Now, I know through past usage previous beta versions prior to 15 worked just fine on my MBP with Omega drivers. Let me repeat, this has worked fine before prior the beta 15.

I am curious if this is a known problem or if anybody has similar issues.

*note, I just discovered that beta 14 detected the clock speeds correctly. anybody else having this problem with 15?

I know I am throwing in a ton of unsupported variables here. I'm just interested in the change from 14 to 15.


----------



## ARTOSOFT (Aug 19, 2006)

rooster said:


> So, I have a X1600 card in my Mac Book Pro and I am using the latest Omega drivers.
> 
> I know that the default speed for my card is 313/300, yet under "default" in the profiles menu Ati tool reports them as 84.81/84.81. In the "core" and "setting" area, the readings are 975.32/932.91.
> 
> ...


I am using ATI PowerColor x1600pro 512MB AGP.  No problem with 0.25 beta 15.  And looks like my problem with extended display is fixed in beta 15.  The problem with fan control still there.  Which is I need to press 'apply' after return from 3D to set the fan speed control correctly (fan speed according to GPU temperature).

Regards,
Arto.

Edit:  I am too fast, extended display problem still there...


----------



## n8236 (Aug 25, 2006)

Rooster, I do have the same problem as you. I decided to give 15 a try and it would dim my screen to near darkness w/ both speeds up to 945. As for the stable 14, the clock speeds start at 0/0, and whenver I tried to increase any bit of speed it would crash w/o question. 

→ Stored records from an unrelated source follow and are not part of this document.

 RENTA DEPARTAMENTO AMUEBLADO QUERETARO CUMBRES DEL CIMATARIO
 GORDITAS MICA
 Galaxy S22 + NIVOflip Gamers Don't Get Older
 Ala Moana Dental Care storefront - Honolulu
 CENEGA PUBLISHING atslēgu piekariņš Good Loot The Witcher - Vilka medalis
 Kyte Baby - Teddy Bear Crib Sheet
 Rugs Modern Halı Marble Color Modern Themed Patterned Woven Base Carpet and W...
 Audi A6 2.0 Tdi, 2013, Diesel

When I used beta 14 it worked fine. Since i'm a gamer I will be reverting back to it. I also have a mbp


----------



## pudding217 (Aug 26, 2006)

What games do you run with your X1600 AGP?(off topic)


----------



## n8236 (Aug 26, 2006)

I started using beta 14 of .25 and it's working like a charm. I'm able to oc from 300/300 to 450/450 rock stable. I can probably push it even more, but decided 450 was a good amount. 

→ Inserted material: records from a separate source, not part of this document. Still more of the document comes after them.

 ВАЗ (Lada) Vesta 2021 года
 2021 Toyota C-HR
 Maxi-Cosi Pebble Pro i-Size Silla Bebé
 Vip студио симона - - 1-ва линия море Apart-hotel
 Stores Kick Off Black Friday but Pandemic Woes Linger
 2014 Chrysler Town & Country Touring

W/ the new settings, my CS Source at 1280x900? (2nd to highest res 10:9 widescreen) on lowest/off settings except model and terrain on medium, I get 113 fps on the video stress tests. On a 32 people server I play on often, I only ocassionally get under 30 fps, but only for a very short time when there's a ton of stuff going on (ie. shooting, nades, and smoke) all at the same time. Otherwise I get on avg above 60 in my cases. 

W/ the old settings, I get a near 30 fps less, so you can imagine what a difference it has made. 

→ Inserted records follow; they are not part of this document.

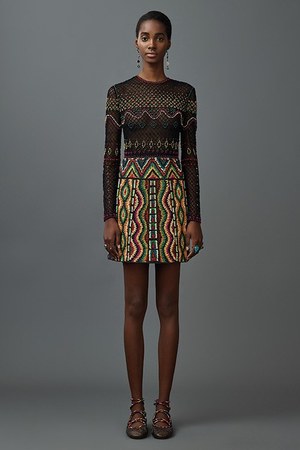 ヴァレンティノ(VALENTINO) 2017年リゾートウィメンズコレクション  - 写真66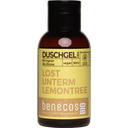 eccoverde benecos benecosBIO Duschgel "Lost unterm Lemontree" 50 ml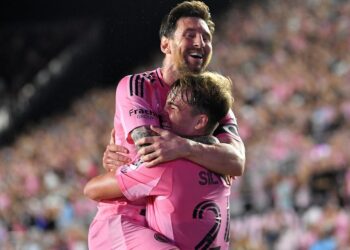 Messi And Inter Miami Have Completed Their Journey. They Win The MLS Cup, Topping Vancouver 3-1.
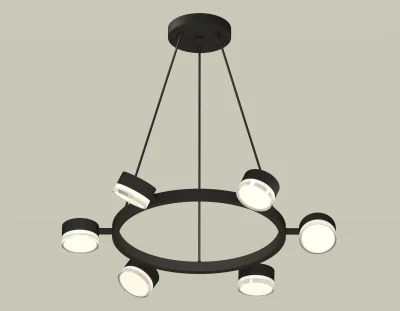 Комплект подвесного поворотного светильника с акрилом Ambrella light XB9193203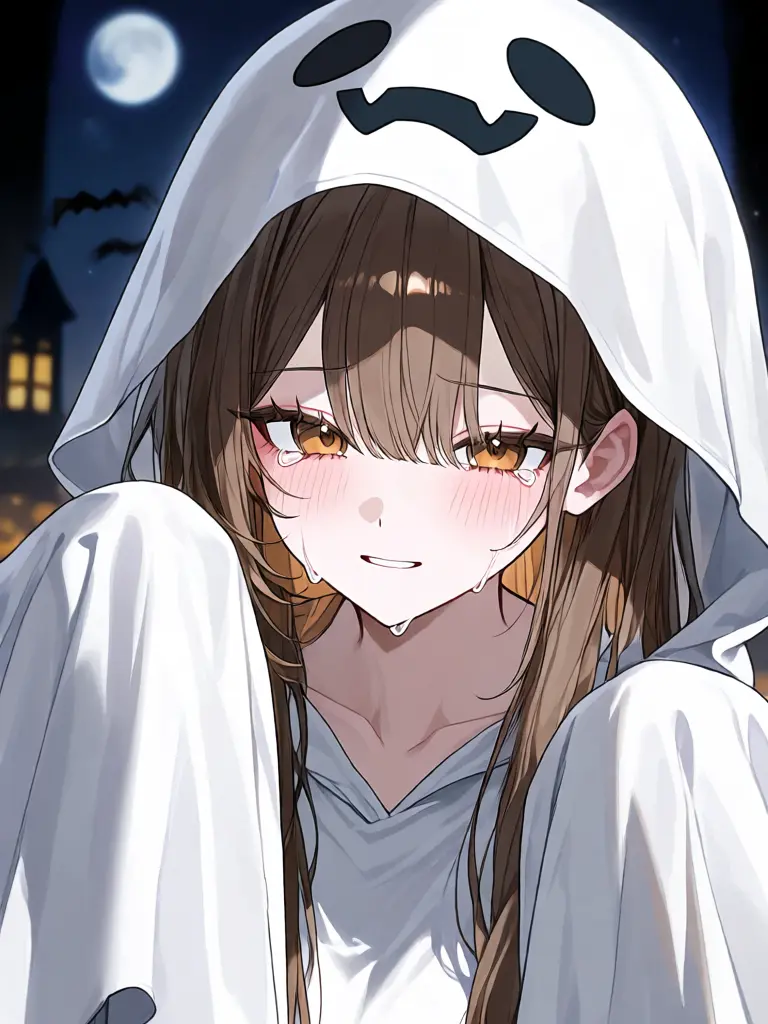 potatoDAISUKI의 ハロウィンが無理すぎな幼馴染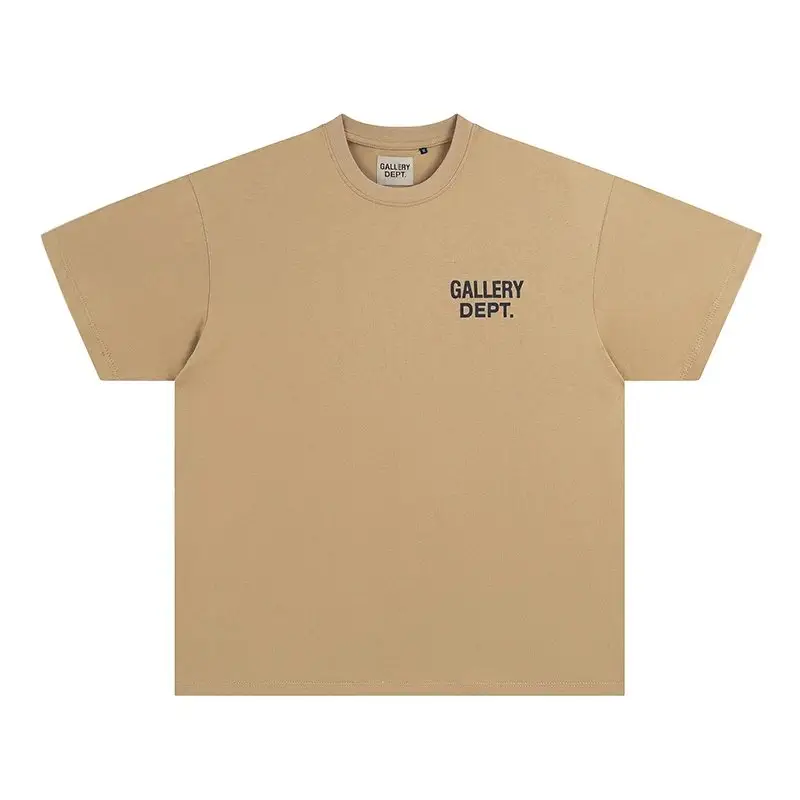 Gallery Dept TEES — 15 colorway — USFans Spreadsheet photo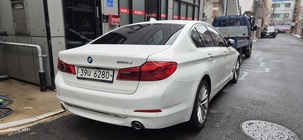 BMW 5 Series 2018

I am able to run most games at the moment. Prey ran very well, Titan Quest not bad, but somewhat laggy due to poor game coding/design, Oblivion was a bit laggy but quite playable. Call of Duty 2 was smooth as well, again rare occasions of 0 fps.


----------



## pudding217 (Aug 26, 2006)

so i guess its not the same RADEON X1600 PRO video Card on the ati.com website. 
the ati websites says original clock speeds are 390 mem\ and 500 core.
I am running my ati x700 PRO at  the same clock speeds as you are. 
yea i might not upgrade with ati anymore for agp. unless they bring a good agp card that can compete with the 7800 with pixel shader 3.
ddr4 is out and ...all i seen was pci-e. 
however they have to make an agp with ddr4.... (i hope?)


----------